National crises are times of heightened stress, anxiety, grief and sorrow. Shared suffering, however, often brings people together. In many past American crises, including wars, terrorist attacks and recessions, citizens have rallied around their leader and offered widespread support. President Donald Trump has experienced a slight boost in his public approval rating since the start of the COVID-19 outbreak, but his widely criticized response to the pandemic and today’s polarized political environment have both limited that uptick.
According to Five Thirty Eight, President Trump’s job approval rating jumped four percent from Jan. 10 to the last week of March, ending at 45.8%. That approval rating is the highest it has been since the week after Trump’s inauguration in 2017. Gallup shows a similar trend, with Trump’s approval rating up 5% over the same time period, with 60% of Americans approving of Trump’s handling of this crisis. The approval rating boost came largely from independents and some Democrats, as almost all Republicans already gave their approval.

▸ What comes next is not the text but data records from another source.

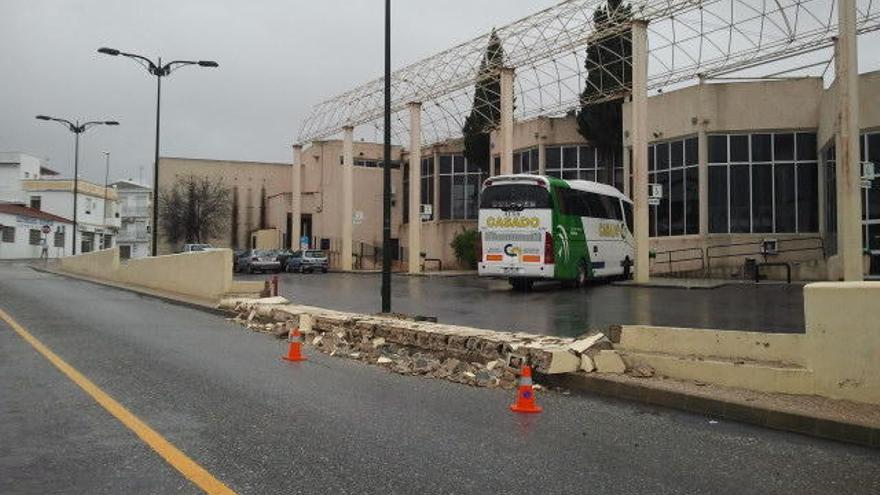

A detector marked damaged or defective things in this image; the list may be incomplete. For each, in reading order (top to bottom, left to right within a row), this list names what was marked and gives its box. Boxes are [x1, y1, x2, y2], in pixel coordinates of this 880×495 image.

broken concrete block [568, 336, 608, 354]
broken concrete block [580, 356, 596, 372]
broken concrete block [596, 350, 628, 374] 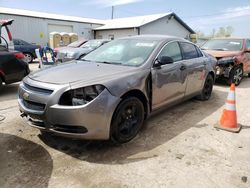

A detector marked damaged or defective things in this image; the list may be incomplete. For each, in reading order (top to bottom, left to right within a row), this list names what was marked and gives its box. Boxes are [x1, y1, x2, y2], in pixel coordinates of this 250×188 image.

damaged front end [215, 57, 236, 78] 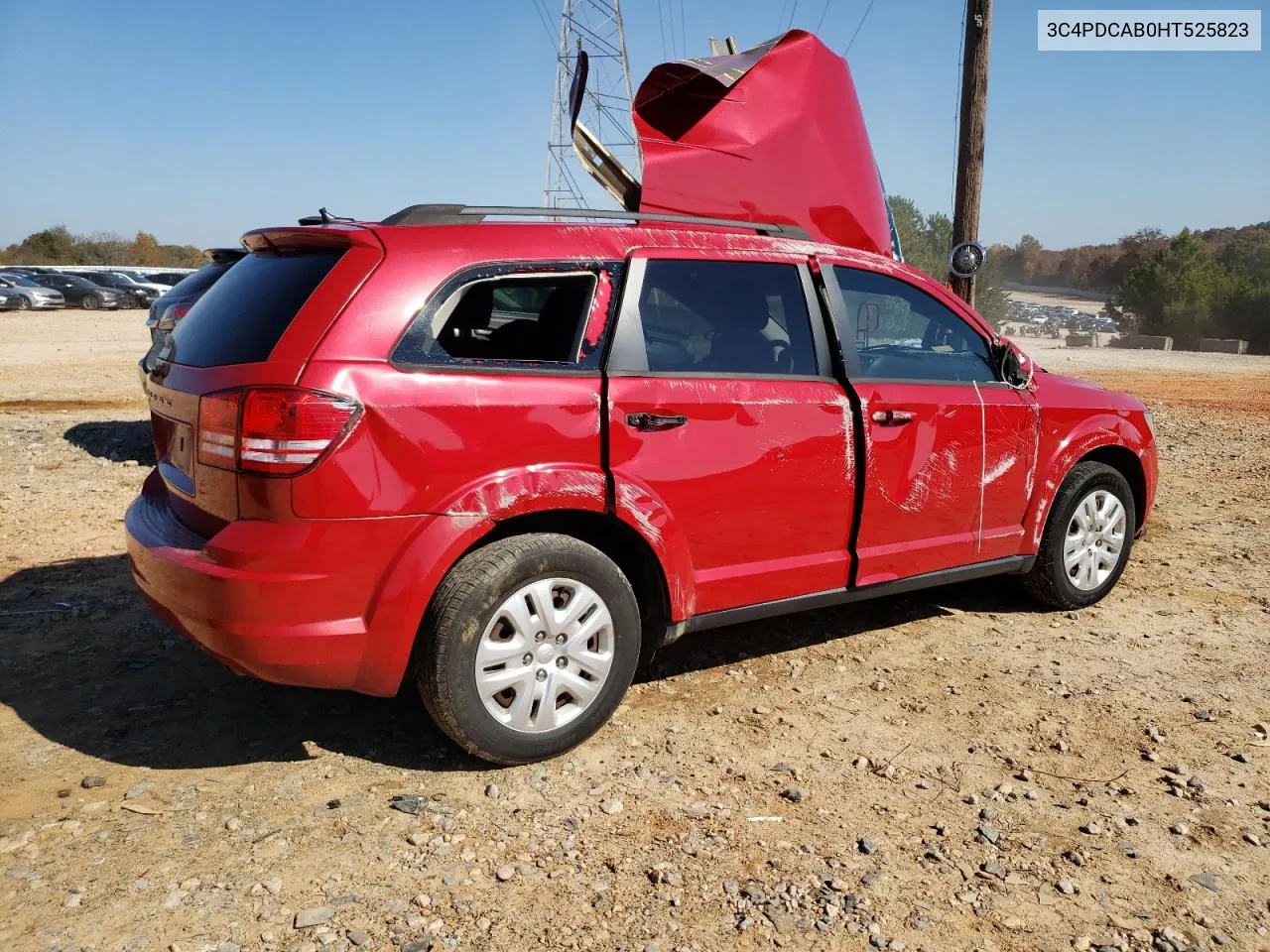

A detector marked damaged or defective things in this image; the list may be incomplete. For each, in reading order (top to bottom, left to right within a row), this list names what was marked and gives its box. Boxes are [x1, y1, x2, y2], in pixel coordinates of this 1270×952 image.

Historically, the public has reacted in a similar manner to crises, backing presidential figures during times of social strain. JFK’s approval rating went from 61% to 74% in one month as a result of cuban missile crisis, President Carter’s rating went from 31% to 58% in three months after the seizure of the U.S. embassy in Iran and almost 40% more Americans approved of the job President Bush was doing after 9/11. President Trump has not seen anything resembling those skyrocketing rates, largely because political polarization makes presidential approval rates highly partisan and consistent over time. Even President Obama’s largest bump was capped at 7%.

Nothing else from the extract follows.